55. In this case, we have stated that even though the rules have not been framed under Section 8 of the Act, there are procedures provided under the Police Standing Orders for taking the finger prints and the compliance of those rules would satisfy the "prescribed manner" as provided under Section 4 of the Act.
56. However, we have acquitted A-4 on facts, since the procedures prescribed under the Police Standing Orders have not been complied with.
57. Yet another argument is possible to contend that even when the provisions of Police Standing Orders have been complied with, the said compliance would not make the finger print expert's opinion admissible, as the Police Standing Orders do not have any statutory force. To avoid this criticism, it is better for the State to frame rules prescribing the procedures for the same.
58. Under those circumstances, we think it necessary to direct the State Government to make the rules under Section 8 of the Identification of Prisoners Act, 1920 for the purpose of carrying into effect the provisions of the Act. As a matter of fact, similar direction has been given by a Division Bench of this Court earlier in Crl.A. No.169 of 1986, dated 7-2-1992, as indicated in the earlier paragraphs. But still, such a direction has not been complied with by the State Government.
59. It is noticed that several State Governments have made rules. In our view, a proper procedure in obtaining finger prints from the accused, might be followed. Otherwise, the sanctity of the scientific evidence not only gets obliterated, but also becomes an exercise in futility.
60. In a similar situation, in a case coming from Rajasthan, the Supreme Court in AIR 1978 SC 1248 (supra), while rejecting the contention of learned counsel for the accused that in view of Section 5 of the Act, it was incumbent on the part of the investigating agency to obtain the specimen thumb impression of an accused before a Magistrate or after obtaining an order of the Magistrate and since that was not done, the opinion rendered by the finger print expert must be ruled out of evidence, would observe that the said contention appears to be misconceived, because, in the State of Rajasthan, the Police were competent under Section 4 of the Act to take specimen impressions of the accused in the presence of Superintendent of Police and as such, it was not necessary for the Police to obtain order from the Magistrate concerned.

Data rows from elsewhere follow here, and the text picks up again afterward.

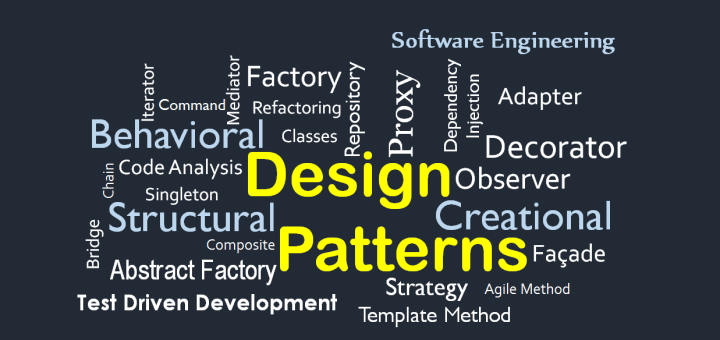 Design Patterns C#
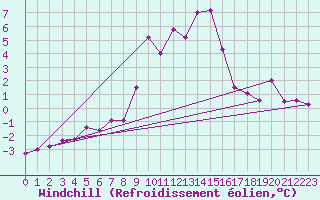 Courbe du refroidissement olien pour Grimentz (Sw)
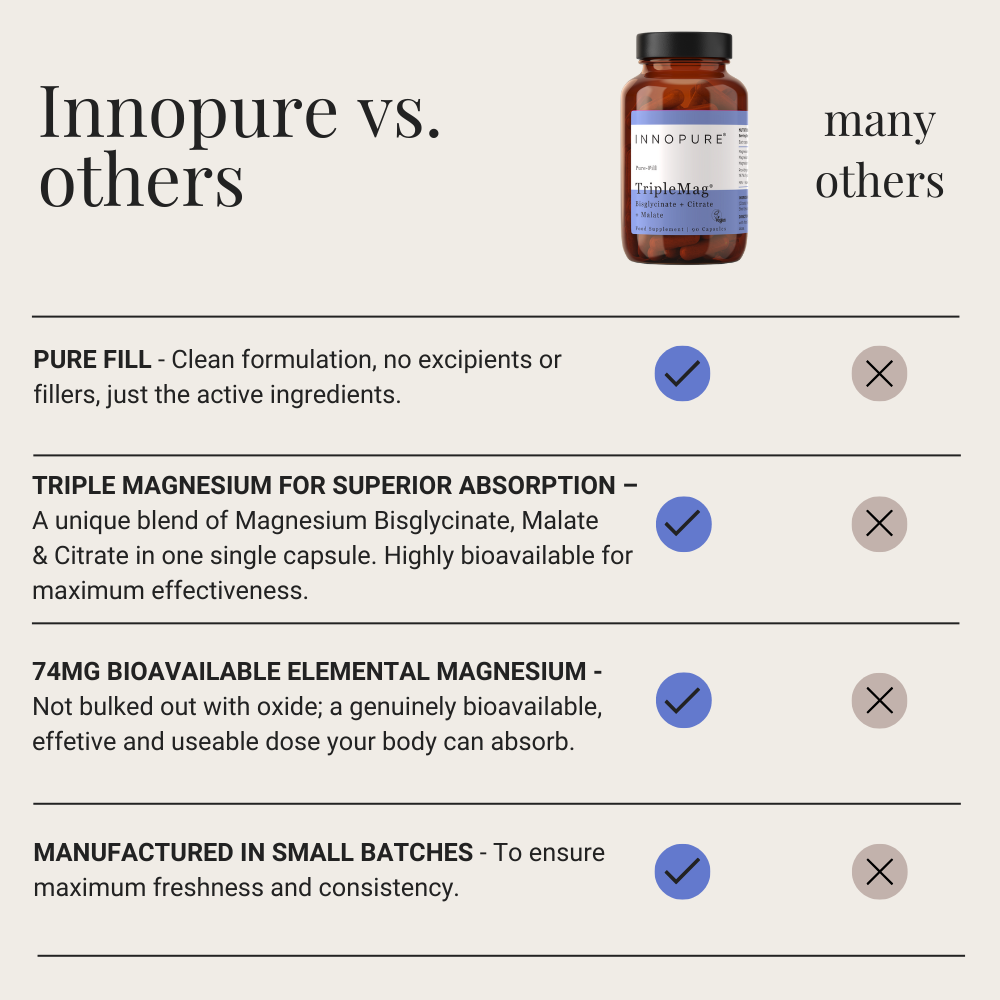 TripleMag® Magnesium Complex with Bisglycinate, Citrate & Malate (Clean Label) 90 Capsules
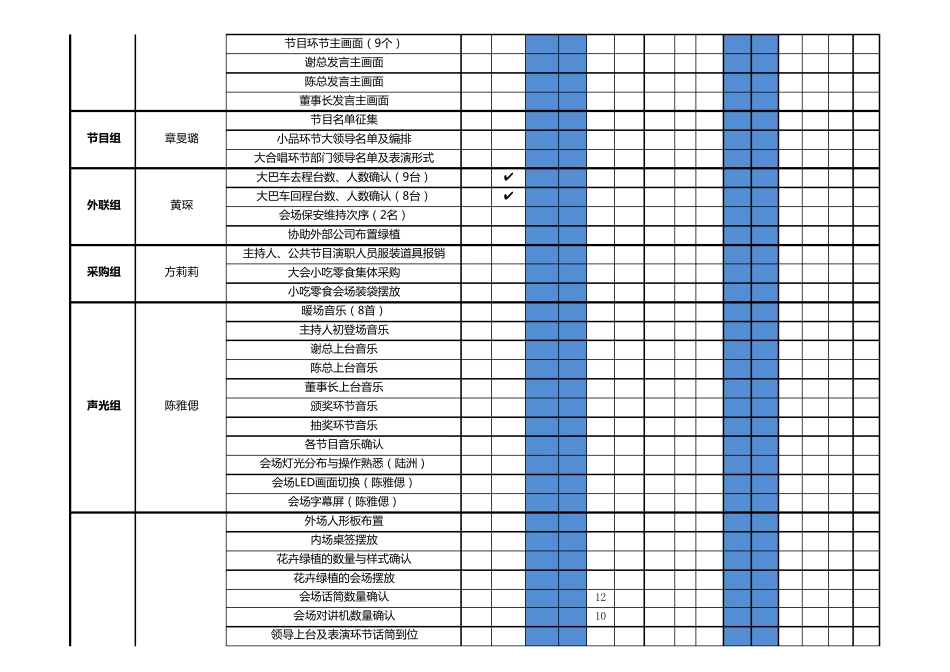 年会分工进度表_第2页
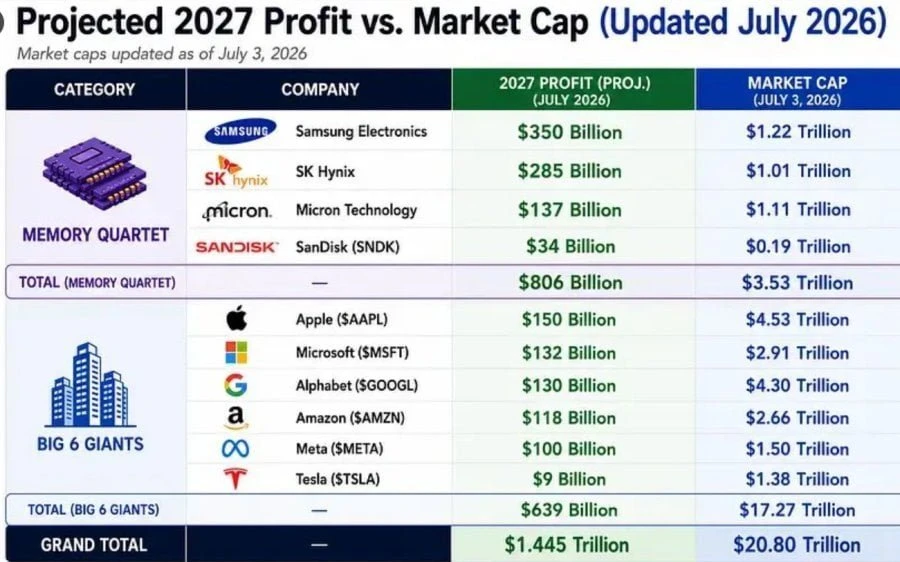 메모리 vs 빅테크 2027년 영업이익 전망 비교.jpg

61. Thus, it is clear that by framing proper rules under Section 8 of the Act, giving the procedure for taking the finger prints, the sanctity of the scientific evidence adduced by the finger print expert would certainly save the prosecution. Therefore, it is desirable for the State Government to frame appropriate rules under Section 8 of the Identification of Prisoners Act, giving clear-cut guidelines and procedures indicating the "prescribed manner" as provided under Section 4 of the Act for taking the finger prints of the accused in custody.
62. Accordingly, learned Public Prosecutor is directed to get a copy of this judgment and send the same to the State Government with a covering letter, intimating our direction to enable the Government to frame the rules expeditiously.
Index: Yes Internet: Yes cs To
1.The Principal Sessions Judge, Madurai.
2.The Judicial Magistrate-II, Madurai.
3. -do- through the Chief Judicial Magistrate, Madurai.
4. The Superintendent, Central Prison, Madurai.
5. The Public Prosecutor, High Court, Madras.
6. The Inspector of Police, G-1 Thilagar Thidal Police Station (Crime), George Town (North), Madurai.
7. The District Collector, Madurai.
8. The Inspector General of Police, Chennai-4.
9. The Secretary, Home Department, Secretariat, Chennai-9.
10. The Secretary, Law Department, Secretariat, Chennai-9.